Required work: Ignoring the images, restate the records below word for word.

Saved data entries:

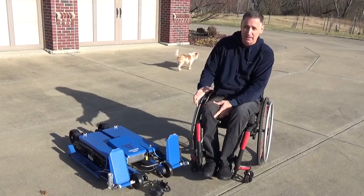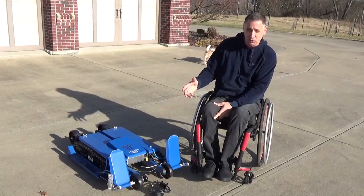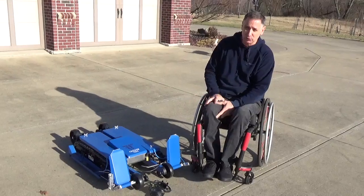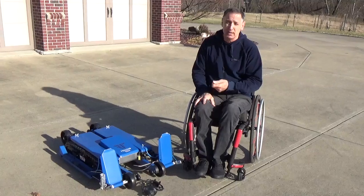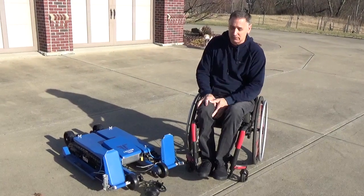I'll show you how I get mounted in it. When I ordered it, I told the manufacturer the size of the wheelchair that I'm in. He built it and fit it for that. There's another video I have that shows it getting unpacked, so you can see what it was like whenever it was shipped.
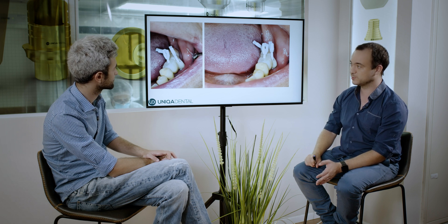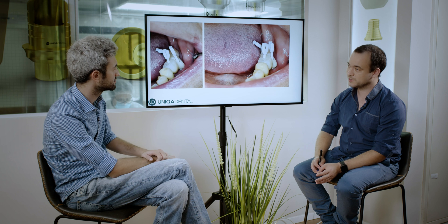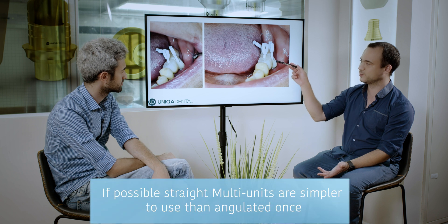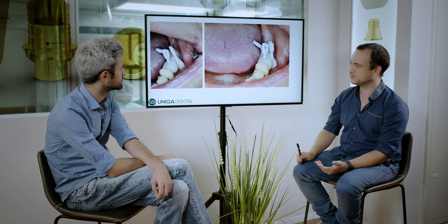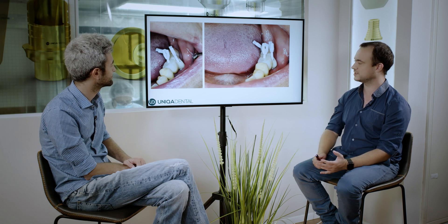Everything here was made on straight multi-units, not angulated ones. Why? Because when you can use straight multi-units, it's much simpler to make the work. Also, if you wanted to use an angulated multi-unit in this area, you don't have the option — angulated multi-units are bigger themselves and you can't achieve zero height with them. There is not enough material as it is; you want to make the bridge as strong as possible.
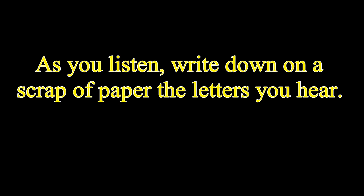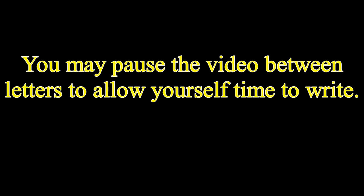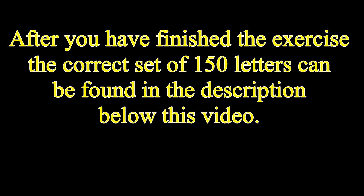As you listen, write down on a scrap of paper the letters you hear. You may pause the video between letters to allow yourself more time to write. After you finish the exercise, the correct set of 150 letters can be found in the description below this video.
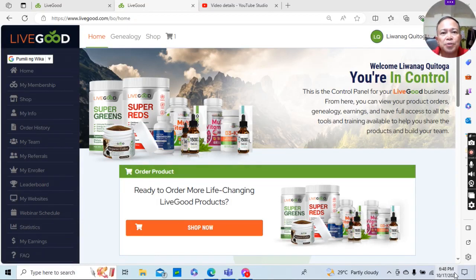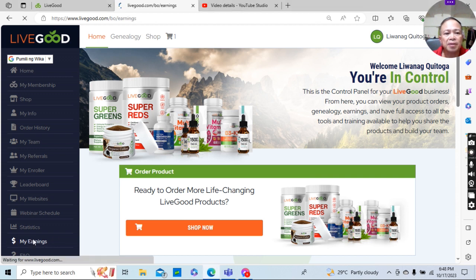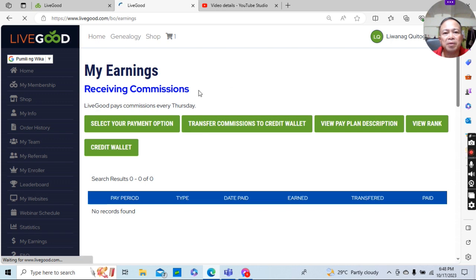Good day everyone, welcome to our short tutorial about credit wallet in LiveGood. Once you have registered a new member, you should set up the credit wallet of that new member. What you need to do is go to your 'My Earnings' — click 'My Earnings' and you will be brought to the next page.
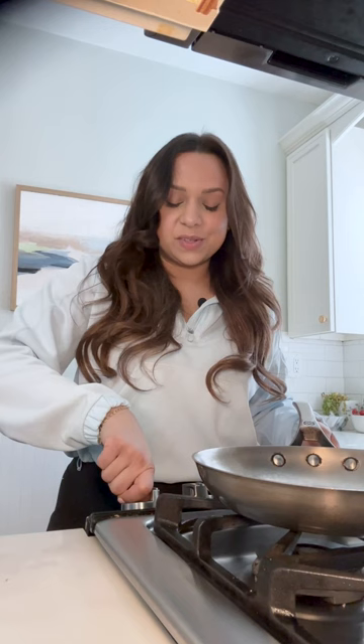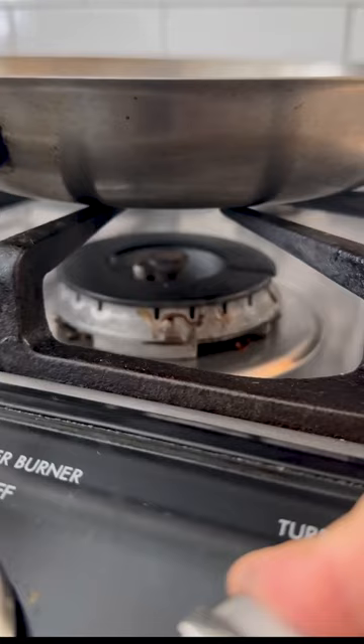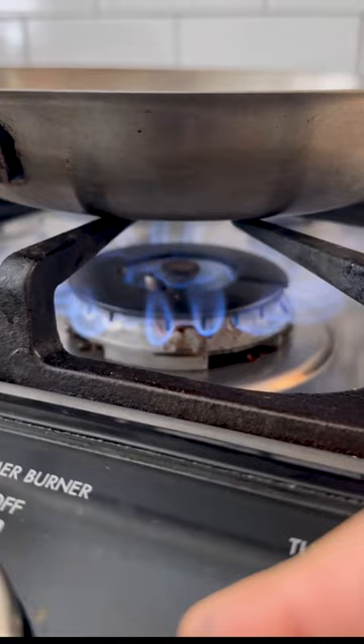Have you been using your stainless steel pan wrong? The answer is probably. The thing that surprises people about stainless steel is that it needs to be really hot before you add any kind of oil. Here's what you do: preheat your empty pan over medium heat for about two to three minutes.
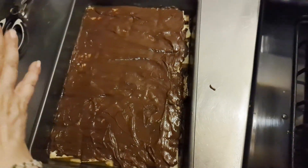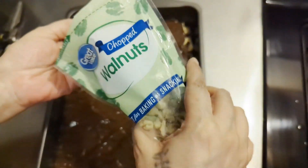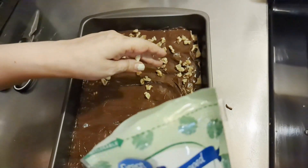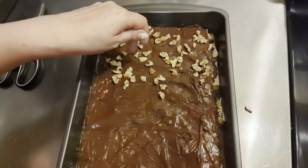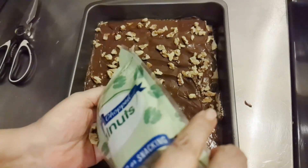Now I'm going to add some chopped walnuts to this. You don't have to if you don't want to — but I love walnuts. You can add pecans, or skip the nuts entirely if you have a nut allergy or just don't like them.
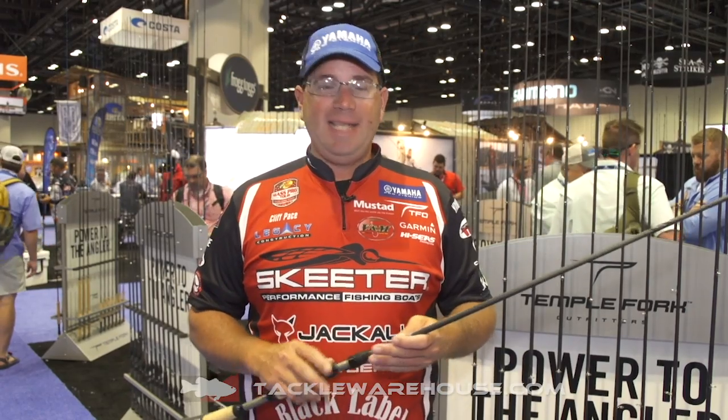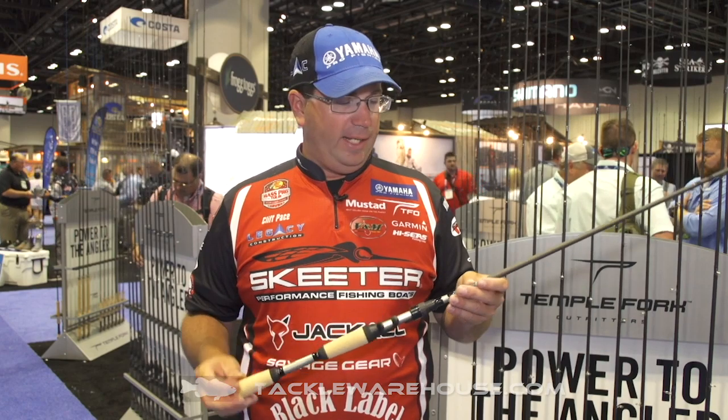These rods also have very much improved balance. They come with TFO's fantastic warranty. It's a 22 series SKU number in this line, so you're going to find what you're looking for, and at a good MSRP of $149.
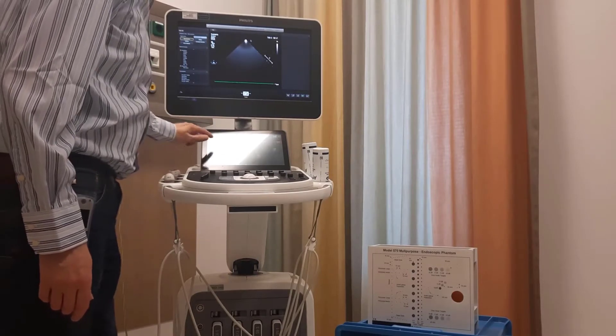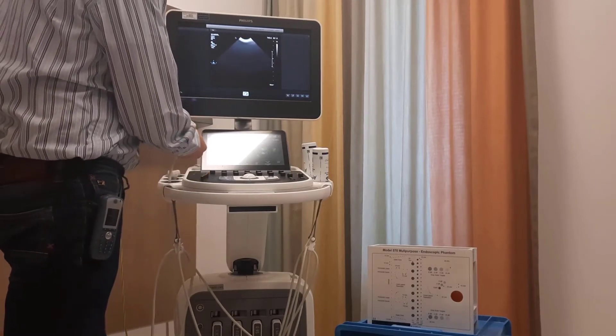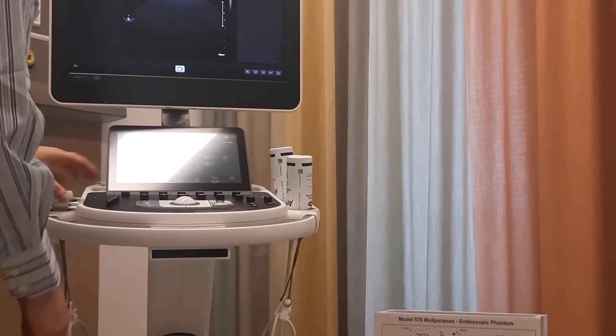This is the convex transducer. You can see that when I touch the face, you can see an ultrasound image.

Problem solution:
I'll show you how I get mounted in it. When I ordered it, I told the manufacturer the size of the wheelchair that I'm in. He built it and fit it for that. There's another video I have that shows it getting unpacked, so you can see what it was like whenever it was shipped.
Everything here was made on straight multi-units, not angulated ones. Why? Because when you can use straight multi-units, it's much simpler to make the work. Also, if you wanted to use an angulated multi-unit in this area, you don't have the option — angulated multi-units are bigger themselves and you can't achieve zero height with them. There is not enough material as it is; you want to make the bridge as strong as possible.
As you listen, write down on a scrap of paper the letters you hear. You may pause the video between letters to allow yourself more time to write. After you finish the exercise, the correct set of 150 letters can be found in the description below this video.
Good day everyone, welcome to our short tutorial about credit wallet in LiveGood. Once you have registered a new member, you should set up the credit wallet of that new member. What you need to do is go to your 'My Earnings' — click 'My Earnings' and you will be brought to the next page.
Have you been using your stainless steel pan wrong? The answer is probably. The thing that surprises people about stainless steel is that it needs to be really hot before you add any kind of oil. Here's what you do: preheat your empty pan over medium heat for about two to three minutes.
Now I'm going to add some chopped walnuts to this. You don't have to if you don't want to — but I love walnuts. You can add pecans, or skip the nuts entirely if you have a nut allergy or just don't like them.
These rods also have very much improved balance. They come with TFO's fantastic warranty. It's a 22 series SKU number in this line, so you're going to find what you're looking for, and at a good MSRP of $149.
This is the convex transducer. You can see that when I touch the face, you can see an ultrasound image.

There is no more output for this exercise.